Karst Floodplain Site for Sewage Treatment Plant?

Wednesday September 13, 2006
Karst Environmental Education and Protection

By Roger Brucker

Pocahontas County, WV County Commissioners want to bring JOBS! DEVELOPMENT! PROGRESS! to their community in an impoverished section of West Virginia, near some of that state's significant caves. They already have a big ski resort on top of a mountain, but the season only lasts so long. For economic survival many lots have been sold off for second homes. A developer wants to add still more homes. However, there's a little problem.

Sewage from the resort and homes overwhelms the inadequate sewage treatment plant. Heavy fines have been levied. Wastewater dribbles and trickles down the mountain and efforts to conceal the problem have come to nose. "We need a big new sewage plant at taxpayer expense!" said the developers to the commissioners.

A new $11,000,000 plant has been proposed to be located on a nice level field in the narrow valley at the foot of the mountain. The site is the Sharp Farm, a 150-year old historic farm, location of a bed and breakfast and a general store. Tom Shipley said the farm's prehistoric occupants left behind chipped stone artifacts, and that Gen. Robert E. Lee's southern forces camped there early in the Civil War. Tom is a descendant of the Sharp family. The sewage treatment plant is to be located on the only flat area between two streambeds.

"It's above the floodplain": Corps of Engineers

The Army Corps of Engineers declared the land to be above the 100-year floodplain. They never inspected it, but simply drew a line along a contour 40 feet up. An engineering firm designed the proposed plant but never investigated the site. Had they done so they would have found three things:

  1. The field floods regularly, and Tom's photos show the wide torrent boiling over the road and bridges.
  2. The field is a karst floodplain and Tom's photos show various sizes of collapsed sinkhole basins.
  3. During heavy rains water boils up through some of the sinkholes and overflows the field.

To prevent condemnation by eminent domain, Tom and others argued unsuccessfully that the site is not suitable. The judge is reported to have said "It looks like a good place to me." Plea denied. Case closed.

According to George Deike, III, a geologist living nearby who cut his doctoral teeth on the Mammoth Cave area karst, one of the streambeds is dry much of the year because the water is diverted underground. The underground river capacity is limited, so floods overwhelm it. Dye trace evidence shows that the underground drainage goes into two important trout streams. Any elevation of stream temperature due to effluent is likely to cause a trout die off in the finest set of trout streams in the east.

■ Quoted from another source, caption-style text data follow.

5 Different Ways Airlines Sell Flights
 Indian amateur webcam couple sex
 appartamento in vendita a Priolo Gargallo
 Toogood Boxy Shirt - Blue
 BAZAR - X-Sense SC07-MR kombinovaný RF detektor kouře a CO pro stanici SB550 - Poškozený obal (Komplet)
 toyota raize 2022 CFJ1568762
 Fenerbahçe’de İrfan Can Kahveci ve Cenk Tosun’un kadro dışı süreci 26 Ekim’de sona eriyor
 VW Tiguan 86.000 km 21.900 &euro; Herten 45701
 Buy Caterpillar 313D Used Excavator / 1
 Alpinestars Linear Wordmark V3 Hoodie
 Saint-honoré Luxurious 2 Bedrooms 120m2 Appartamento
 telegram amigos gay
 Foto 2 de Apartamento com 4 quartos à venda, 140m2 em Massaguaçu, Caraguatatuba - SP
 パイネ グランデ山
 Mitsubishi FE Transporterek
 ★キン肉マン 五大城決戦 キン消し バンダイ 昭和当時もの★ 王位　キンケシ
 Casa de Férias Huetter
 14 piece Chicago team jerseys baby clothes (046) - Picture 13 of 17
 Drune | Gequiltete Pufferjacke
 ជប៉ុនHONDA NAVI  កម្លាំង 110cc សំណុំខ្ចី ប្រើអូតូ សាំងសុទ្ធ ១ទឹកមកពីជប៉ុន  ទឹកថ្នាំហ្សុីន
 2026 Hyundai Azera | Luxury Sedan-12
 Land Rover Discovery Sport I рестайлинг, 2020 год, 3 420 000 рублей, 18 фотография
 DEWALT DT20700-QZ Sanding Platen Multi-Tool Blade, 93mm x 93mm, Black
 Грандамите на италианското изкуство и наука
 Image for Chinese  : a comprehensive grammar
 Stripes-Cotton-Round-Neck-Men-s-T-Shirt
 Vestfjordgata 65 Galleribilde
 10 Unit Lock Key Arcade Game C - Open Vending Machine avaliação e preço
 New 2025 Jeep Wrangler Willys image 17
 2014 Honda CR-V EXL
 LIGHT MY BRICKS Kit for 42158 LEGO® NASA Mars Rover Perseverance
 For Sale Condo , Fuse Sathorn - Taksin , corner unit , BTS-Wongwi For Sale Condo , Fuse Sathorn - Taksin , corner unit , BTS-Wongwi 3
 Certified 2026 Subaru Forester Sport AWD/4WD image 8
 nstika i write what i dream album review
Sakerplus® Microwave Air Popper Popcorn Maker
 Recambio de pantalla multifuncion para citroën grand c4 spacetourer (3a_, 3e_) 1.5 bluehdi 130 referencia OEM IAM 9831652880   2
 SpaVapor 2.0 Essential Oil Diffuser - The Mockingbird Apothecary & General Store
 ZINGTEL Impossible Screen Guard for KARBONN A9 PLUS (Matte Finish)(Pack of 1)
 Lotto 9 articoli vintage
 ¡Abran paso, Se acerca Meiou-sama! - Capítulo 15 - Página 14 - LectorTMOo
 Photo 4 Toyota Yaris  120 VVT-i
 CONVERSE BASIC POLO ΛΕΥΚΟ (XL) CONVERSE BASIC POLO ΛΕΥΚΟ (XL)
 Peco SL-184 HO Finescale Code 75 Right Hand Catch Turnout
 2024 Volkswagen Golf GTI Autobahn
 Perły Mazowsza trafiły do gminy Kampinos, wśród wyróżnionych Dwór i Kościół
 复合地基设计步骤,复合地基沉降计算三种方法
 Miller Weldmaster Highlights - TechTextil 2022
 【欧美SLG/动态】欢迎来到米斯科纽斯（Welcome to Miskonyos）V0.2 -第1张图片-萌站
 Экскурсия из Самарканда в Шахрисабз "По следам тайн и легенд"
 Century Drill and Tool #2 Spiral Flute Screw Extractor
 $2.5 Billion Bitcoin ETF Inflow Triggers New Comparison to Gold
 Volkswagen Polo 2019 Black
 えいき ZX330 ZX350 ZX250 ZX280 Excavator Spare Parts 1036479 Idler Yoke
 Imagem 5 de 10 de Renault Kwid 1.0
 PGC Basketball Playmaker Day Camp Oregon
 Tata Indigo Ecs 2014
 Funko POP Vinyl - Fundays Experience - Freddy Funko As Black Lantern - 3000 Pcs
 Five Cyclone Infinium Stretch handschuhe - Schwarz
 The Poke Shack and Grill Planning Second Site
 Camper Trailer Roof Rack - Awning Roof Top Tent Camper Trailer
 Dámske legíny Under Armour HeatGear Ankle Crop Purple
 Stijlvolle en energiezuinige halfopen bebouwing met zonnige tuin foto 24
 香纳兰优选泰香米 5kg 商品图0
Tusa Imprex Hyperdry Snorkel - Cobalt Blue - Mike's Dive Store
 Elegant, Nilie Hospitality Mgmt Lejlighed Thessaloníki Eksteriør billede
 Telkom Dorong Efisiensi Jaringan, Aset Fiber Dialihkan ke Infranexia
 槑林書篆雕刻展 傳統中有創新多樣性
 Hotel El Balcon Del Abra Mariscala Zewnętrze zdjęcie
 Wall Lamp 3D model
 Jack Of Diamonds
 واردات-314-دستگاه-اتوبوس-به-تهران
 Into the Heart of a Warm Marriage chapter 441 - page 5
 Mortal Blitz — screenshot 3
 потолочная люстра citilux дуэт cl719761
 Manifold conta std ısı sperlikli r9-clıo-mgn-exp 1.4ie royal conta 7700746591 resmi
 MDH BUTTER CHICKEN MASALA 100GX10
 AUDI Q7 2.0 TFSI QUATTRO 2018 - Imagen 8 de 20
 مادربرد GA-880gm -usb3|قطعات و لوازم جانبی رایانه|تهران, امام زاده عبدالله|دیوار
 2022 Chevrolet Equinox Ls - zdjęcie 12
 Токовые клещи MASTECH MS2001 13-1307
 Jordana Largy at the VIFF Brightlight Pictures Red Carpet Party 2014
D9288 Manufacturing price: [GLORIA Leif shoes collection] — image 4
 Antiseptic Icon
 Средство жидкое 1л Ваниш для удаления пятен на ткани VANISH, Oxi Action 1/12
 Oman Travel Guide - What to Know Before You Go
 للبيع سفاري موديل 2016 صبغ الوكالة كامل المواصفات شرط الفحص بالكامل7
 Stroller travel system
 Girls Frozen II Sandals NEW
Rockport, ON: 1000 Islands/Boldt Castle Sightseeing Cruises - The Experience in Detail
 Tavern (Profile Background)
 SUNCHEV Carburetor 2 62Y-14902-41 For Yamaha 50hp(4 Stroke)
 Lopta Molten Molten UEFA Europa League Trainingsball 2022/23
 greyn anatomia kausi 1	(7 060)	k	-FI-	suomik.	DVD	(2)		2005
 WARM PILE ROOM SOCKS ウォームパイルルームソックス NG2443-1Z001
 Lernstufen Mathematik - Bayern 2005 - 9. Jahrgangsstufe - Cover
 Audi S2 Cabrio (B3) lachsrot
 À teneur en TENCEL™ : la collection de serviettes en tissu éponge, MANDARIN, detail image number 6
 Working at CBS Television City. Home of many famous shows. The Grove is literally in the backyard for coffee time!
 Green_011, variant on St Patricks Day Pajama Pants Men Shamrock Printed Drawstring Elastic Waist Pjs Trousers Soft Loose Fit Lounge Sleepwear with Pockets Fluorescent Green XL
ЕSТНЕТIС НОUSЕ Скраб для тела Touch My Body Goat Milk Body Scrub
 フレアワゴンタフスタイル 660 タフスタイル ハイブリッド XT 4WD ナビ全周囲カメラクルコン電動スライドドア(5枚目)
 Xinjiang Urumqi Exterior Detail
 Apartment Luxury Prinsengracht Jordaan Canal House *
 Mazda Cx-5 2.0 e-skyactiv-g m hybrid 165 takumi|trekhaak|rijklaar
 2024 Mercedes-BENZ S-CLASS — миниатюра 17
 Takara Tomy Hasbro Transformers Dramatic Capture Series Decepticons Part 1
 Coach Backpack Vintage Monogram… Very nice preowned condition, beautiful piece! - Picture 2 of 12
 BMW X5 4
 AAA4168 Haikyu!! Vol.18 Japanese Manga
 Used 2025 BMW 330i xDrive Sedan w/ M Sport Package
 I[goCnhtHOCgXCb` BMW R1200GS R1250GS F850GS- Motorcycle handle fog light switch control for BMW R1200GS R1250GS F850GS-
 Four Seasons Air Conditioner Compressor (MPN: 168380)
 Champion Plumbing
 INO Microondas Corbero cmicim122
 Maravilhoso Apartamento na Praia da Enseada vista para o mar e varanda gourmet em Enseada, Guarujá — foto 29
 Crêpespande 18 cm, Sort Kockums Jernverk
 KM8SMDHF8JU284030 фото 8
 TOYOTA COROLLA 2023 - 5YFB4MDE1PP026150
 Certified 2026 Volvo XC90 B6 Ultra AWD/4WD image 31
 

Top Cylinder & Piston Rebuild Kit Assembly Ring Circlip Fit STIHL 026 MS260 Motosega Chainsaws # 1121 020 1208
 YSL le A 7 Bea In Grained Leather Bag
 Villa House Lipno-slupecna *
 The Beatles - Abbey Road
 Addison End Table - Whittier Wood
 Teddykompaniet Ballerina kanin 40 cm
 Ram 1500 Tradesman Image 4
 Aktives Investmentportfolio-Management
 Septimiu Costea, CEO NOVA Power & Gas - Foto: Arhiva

"The irony is that a couple of miles down the valley they could have sited the treatment plant on sandstone on a state-owned property," said Deike. He believes that greed and politics are the drivers of the project to locate the sewage plant on Tom Shipley's karst floodplain. "Competent planners would not do that; there's no right way to do the wrong thing."

What KarstEEP Has Done

We equipped Tom Shipley with a PowerPoint presentation to dramatize the $11 million mistake. It will use Tom's dramatic photos to show the flooding, sinkholes, and upward "boil holes". We sent him plans for a live demo. It will show, using masonite pegboard, how a model plant cannot be built safely on a karst floodplain. The water washing over it will damage it, and water coming up from below will defeat any levy. In the meantime, other cavers are moving into the fight that is pitting the County Commissioners and developers vs. taxpayers who have already defeated the reelection bid of one of the commissioners who voted to build on Sharp Farm.

Spokesman Brucker said: "I believe education is essential in this complicated case. We want to equip Tom and his friends to bring a better understanding of the economic, social, and environmental risk of building a plant that is certain to collapse, flood, and contaminate." Reminded of the criticism when he broke a plate to demonstrate karst collapse potential at a public meeting in Kentucky, Brucker said, "Remember Dishman Lane, a $1 million example of poor karst planning."